:: EXERCISE DETAILS ::
Every line from the one containing "1 girl, 20..." through the end of the data is to be copied exactly, and nothing outside that range.
[DATA PROVIDED Boundary: Start]
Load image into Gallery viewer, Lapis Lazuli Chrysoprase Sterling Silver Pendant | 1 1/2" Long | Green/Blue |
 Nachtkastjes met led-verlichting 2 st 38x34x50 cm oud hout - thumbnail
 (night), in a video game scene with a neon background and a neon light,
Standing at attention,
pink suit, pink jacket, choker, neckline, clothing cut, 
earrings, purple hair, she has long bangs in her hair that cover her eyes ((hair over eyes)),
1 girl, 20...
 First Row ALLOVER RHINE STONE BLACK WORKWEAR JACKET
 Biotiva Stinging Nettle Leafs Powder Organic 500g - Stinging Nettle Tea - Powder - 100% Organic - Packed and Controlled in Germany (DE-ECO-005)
[DATA PROVIDED Boundary: End]
:: ANSWER TO THE EXERCISE ::
1 girl, 20...
 First Row ALLOVER RHINE STONE BLACK WORKWEAR JACKET
 Biotiva Stinging Nettle Leafs Powder Organic 500g - Stinging Nettle Tea - Powder - 100% Organic - Packed and Controlled in Germany (DE-ECO-005)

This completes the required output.